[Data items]
•••
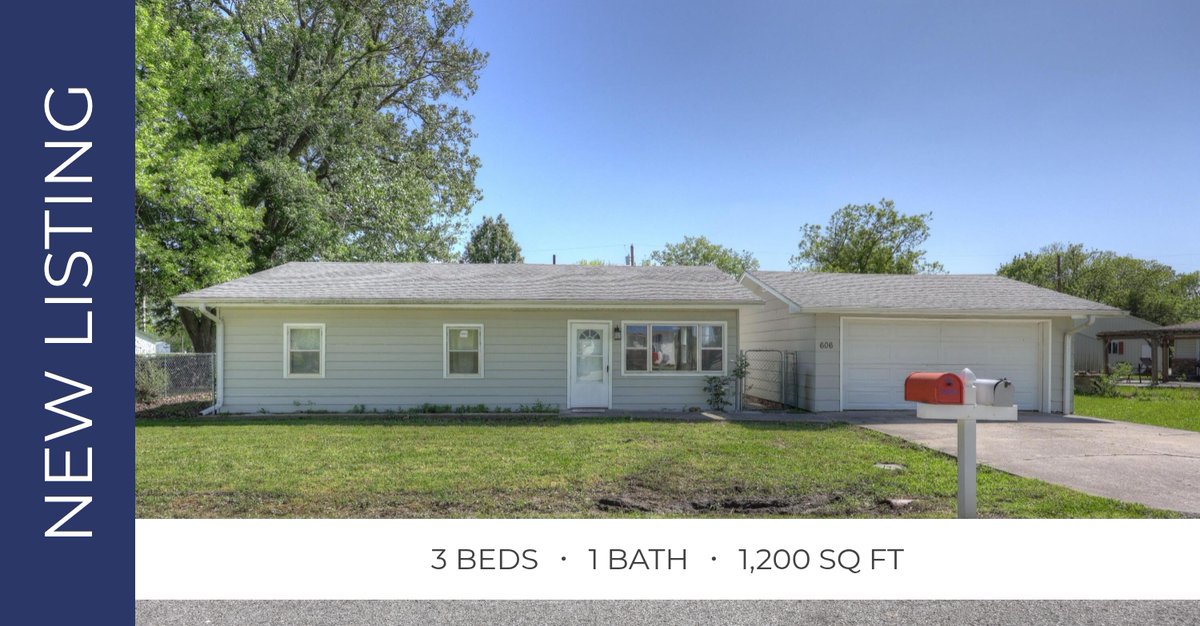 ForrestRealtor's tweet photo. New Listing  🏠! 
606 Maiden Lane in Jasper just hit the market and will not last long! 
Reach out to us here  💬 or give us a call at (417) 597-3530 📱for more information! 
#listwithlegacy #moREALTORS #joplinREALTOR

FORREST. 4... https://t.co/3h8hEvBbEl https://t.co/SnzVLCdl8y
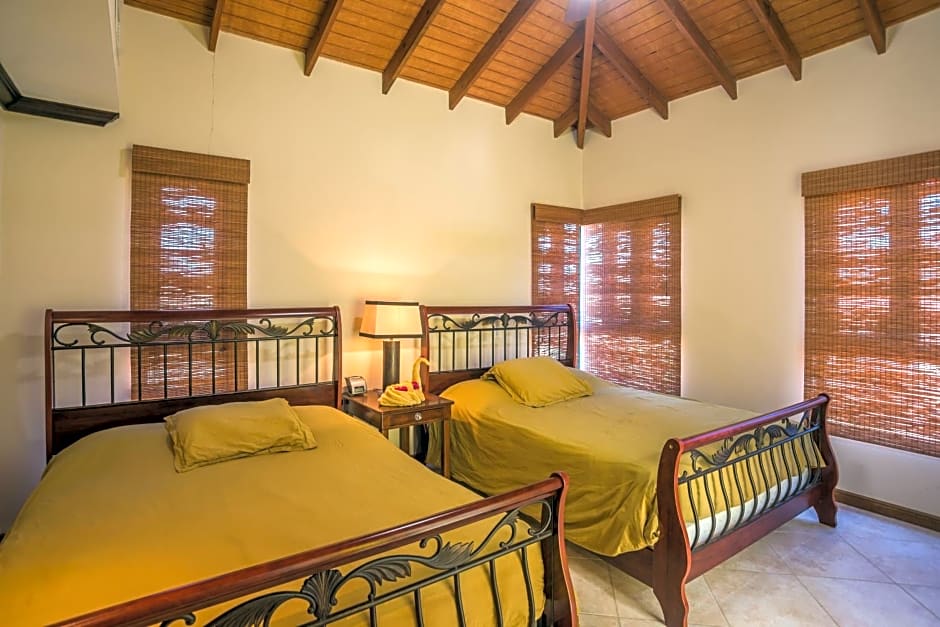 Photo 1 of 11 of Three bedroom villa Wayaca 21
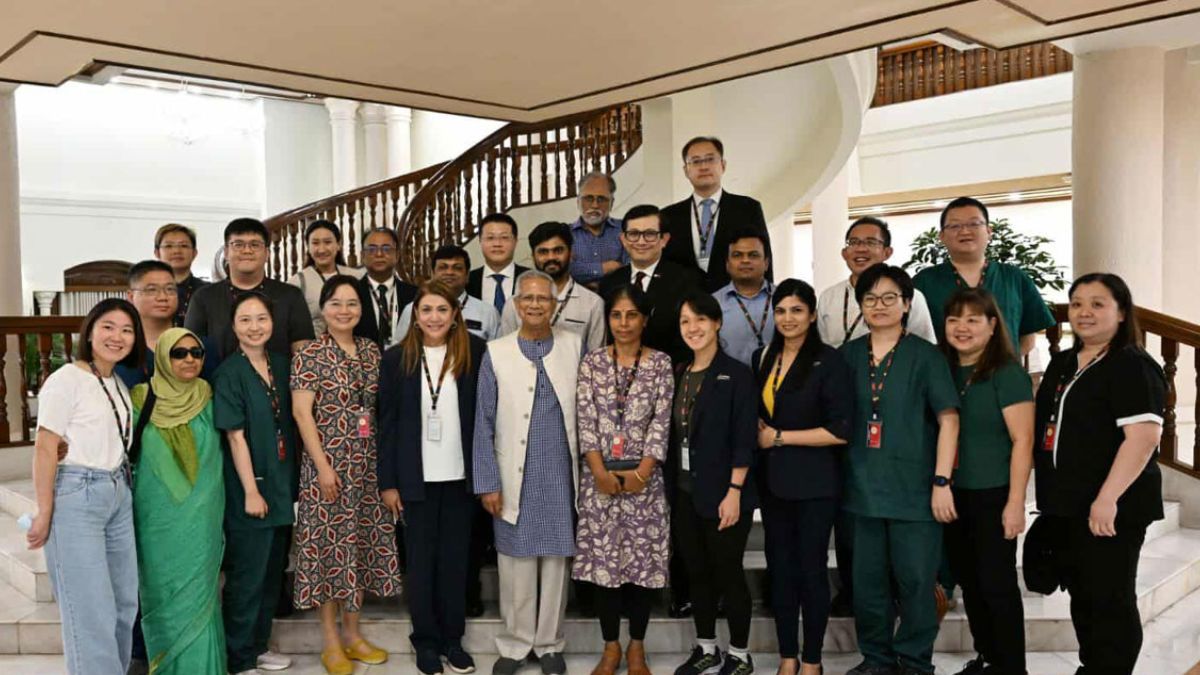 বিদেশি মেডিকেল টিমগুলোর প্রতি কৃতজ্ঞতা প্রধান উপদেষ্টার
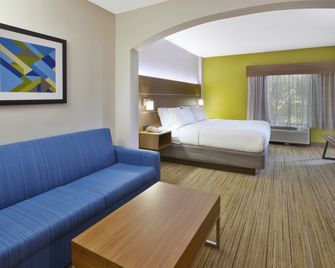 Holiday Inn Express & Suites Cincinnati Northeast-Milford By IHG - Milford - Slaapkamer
•••
## TASK DETAILS
For this exercise, return every entry verbatim and omit all pictures.

## THE COMPLETED TASK
 ForrestRealtor's tweet photo. New Listing  🏠! 
606 Maiden Lane in Jasper just hit the market and will not last long! 
Reach out to us here  💬 or give us a call at (417) 597-3530 📱for more information! 
#listwithlegacy #moREALTORS #joplinREALTOR

FORREST. 4... https://t.co/3h8hEvBbEl https://t.co/SnzVLCdl8y
 Photo 1 of 11 of Three bedroom villa Wayaca 21
 বিদেশি মেডিকেল টিমগুলোর প্রতি কৃতজ্ঞতা প্রধান উপদেষ্টার
 Holiday Inn Express & Suites Cincinnati Northeast-Milford By IHG - Milford - Slaapkamer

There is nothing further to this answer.